[PATCH v3 linux-trace 0/8] tracing: attach eBPF programs to tracepoints/syscalls/kprobe

From: Alexei Starovoitov
Date: Mon Feb 09 2015 - 22:46:20 EST


Hi Steven,

This patch set is for linux-trace/for-next
It adds ability to attach eBPF programs to tracepoints, syscalls and kprobes.
Obviously too late for 3.20, but please review. I'll rebase and repost when
merge window closes.

Main difference in V3 is different attaching mechanism:
- load program via bpf() syscall and receive prog_fd
- event_fd = perf_event_open()
- ioctl(event_fd, PERF_EVENT_IOC_SET_BPF, prog_fd) to attach program to event
- close(event_fd) will destroy event and detach the program
kernel diff became smaller and in general this approach is cleaner
(thanks to Masami and Namhyung for suggesting it)

The programs are run before ring buffer is allocated to have minimal
impact on a system, which can be demonstrated by
'dd if=/dev/zero of=/dev/null count=20000000' test:
4.80074 s, 2.1 GB/s - no tracing (raw base line)
5.62705 s, 1.8 GB/s - attached bpf program does 'map[log2(count)]++' without JIT
5.05963 s, 2.0 GB/s - attached bpf program does 'map[log2(count)]++' with JIT
4.91715 s, 2.1 GB/s - attached bpf program does 'return 0'

perf record -e skb:sys_write dd if=/dev/zero of=/dev/null count=20000000
8.75686 s, 1.2 GB/s
Warning: Processed 20355236 events and lost 44 chunks!

perf record -e skb:sys_write --filter cnt==1234 dd if=/dev/zero of=/dev/null count=20000000
5.69732 s, 1.8 GB/s

6.13730 s, 1.7 GB/s - echo 1 > /sys/../events/skb/sys_write/enable
6.50091 s, 1.6 GB/s - echo 'cnt == 1234' > /sys/../events/skb/sys_write/filter

(skb:sys_write is a temporary tracepoint in write() syscall)

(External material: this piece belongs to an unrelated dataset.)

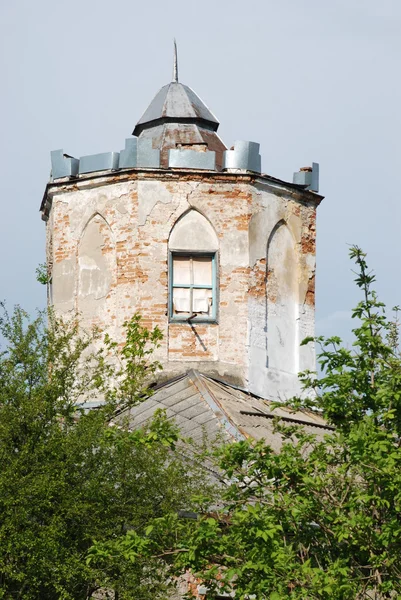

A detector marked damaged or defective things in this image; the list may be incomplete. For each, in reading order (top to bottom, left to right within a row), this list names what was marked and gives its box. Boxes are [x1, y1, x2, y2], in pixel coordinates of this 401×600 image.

broken window pane [172, 256, 191, 284]
broken window pane [191, 258, 211, 286]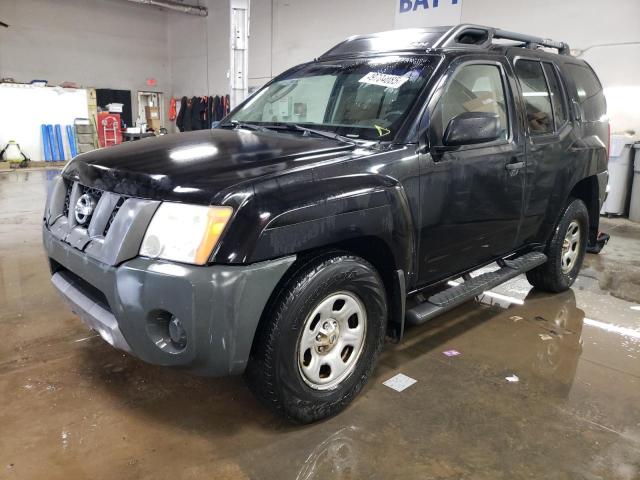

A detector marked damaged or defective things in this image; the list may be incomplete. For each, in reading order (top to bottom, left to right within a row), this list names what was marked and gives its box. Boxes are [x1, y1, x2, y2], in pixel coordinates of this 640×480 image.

damaged hood [62, 127, 358, 204]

So the overhead of realistic bpf program is 5.05963/4.80074 = ~5%
which is faster than perf_event filtering: 5.69732/4.80074 = ~18%
or ftrace filtering: 6.50091/4.80074 = ~35%

V2->V3:
- changed program attach interface from tracefs into perf_event ioctl
- rewrote user space helpers to use perf_events
- rewrote tracex1 example to use mmap-ed ring_buffer instead of trace_pipe
- as suggested by Arnaldo renamed bpf_memcmp to bpf_probe_memcmp to better
indicate function logic
- added ifdefs to make bpf check a nop when CONFIG_BPF_SYSCALL is not set

V1->V2:
- dropped bpf_dump_stack() and bpf_printk() helpers
- disabled running programs in_nmi
- other minor cleanups

Program attach point and input arguments:
- programs attached to kprobes receive 'struct pt_regs *' as an input.
See tracex4_kern.c that demonstrates how users can write a C program like:
SEC("events/kprobes/sys_write")
int bpf_prog4(struct pt_regs *regs)
{
long write_size = regs->dx;
// here user need to know the proto of sys_write() from kernel
// sources and x64 calling convention to know that register $rdx
// contains 3rd argument to sys_write() which is 'size_t count'

it's obviously architecture dependent, but allows building sophisticated
user tools on top, that can see from debug info of vmlinux which variables
are in which registers or stack locations and fetch it from there.
'perf probe' can potentialy use this hook to generate programs in user space
and insert them instead of letting kernel parse string during kprobe creation.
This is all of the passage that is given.